The halo has characteristics that vary with wavelength and quality of compensation, noise, etc, and cannot be described simply in an analytical fashion. Its width varies between the seeing width and some fraction (0.25-0.3) of this quantity, being relatively smaller at shorter wavelengths. It is worth noting that in all the AO simulations carried out at Gemini, the halo seems to have a less detrimental effect than for actual images taken with lower order systems on 3.6-m telescopes. This may be because the contrast in width between halo and core is larger for an 8-m telescope, the diffraction limit being twice smaller. This increases the halo/core contrast by a factor of ~ 5. Also, the Strehl ratios planned for the CP MCAO system are slightly higher than those achieved with most AO systems on smaller telescopes, increasing further this contrast.

The stability of the high order PSF component has been addressed in the previous section, and is reported Table 1. The spatial standard deviation of the Strehl ratio is given in this table, and is of the order of 2.5% in H band at zenith for the MCAO baseline. These fluctuations are expected to be quite stable within +/- 1%, so that a first order correction on the photometry could achieve this level of accuracy.

Image Motion

The effect of the NGS-controlled modes on the image is solely to convolve the average high order PSF component by a 2-D gaussian profile. A simulation code has been developped at Gemini to estimate this effect. For example, for 4 magnitude 19th stars, tip and tilt vary from approximately 10 mas to 16 mas within the central 1 square arcmin.
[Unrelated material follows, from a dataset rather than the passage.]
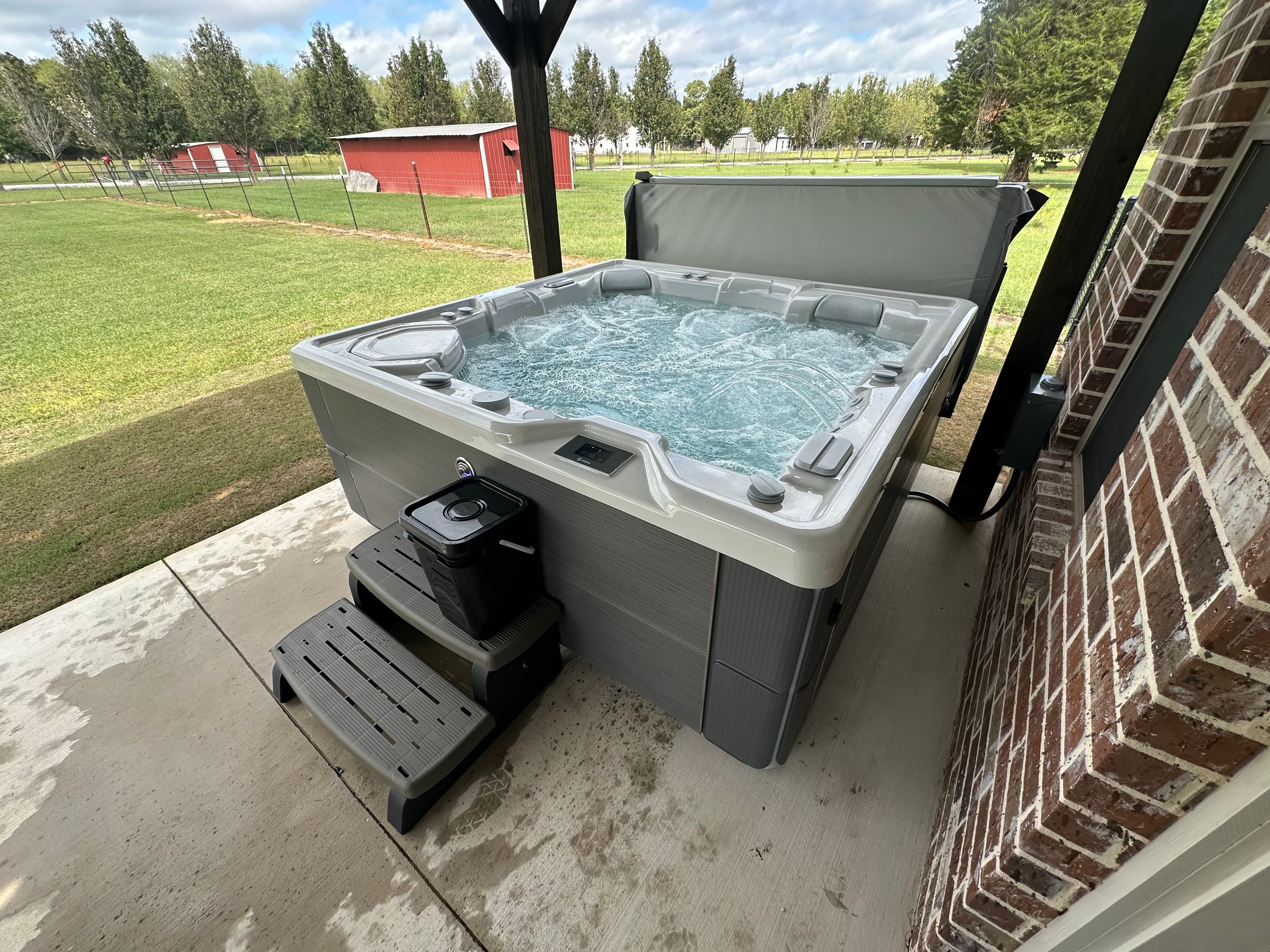 Hot tub delivered by East Texas Hot Tub Company to Chandler, Texas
It is important to note that this residual image motion will induce an elongation on the image, similar but smaller to what is observed in a one-star compensation system. The amplitude and direction of the elongation depends on location in the field, the relative brightness and location of the NGSs, and the Cn2(h) and wind profile.

The PSF core broadening caused by the residual image motion does not throw energy very far into the halo wings, as is the case for the imperfectly compensated high order modes. For an equivalent reduction in Strehl, the effective loss in resolution, 50% encircled energy, or slit throughput is therefore more benign. For instance, the 50% Strehl ratio loss that we adopt as an arbitrary criteria to estimate sky coverage is equivalent to a broadening of the time-averaged PSF by ~ 40 mas in H band, which increases the FWHM from 43 mas (diffraction limit) to 58 mas. The impact on the encircled energy depends on the exact wavelength. For spectrographs, however, whose pixel elements will probably not resolve the width of the diffraction core, this effect will be very moderate.

Figure 3: Log Cross section of a typical H band MCAO/CAO point spread function, showing the core and the halo. Atmospheric residuals only.

[Log Cross section of typical AO/MCAO PSF]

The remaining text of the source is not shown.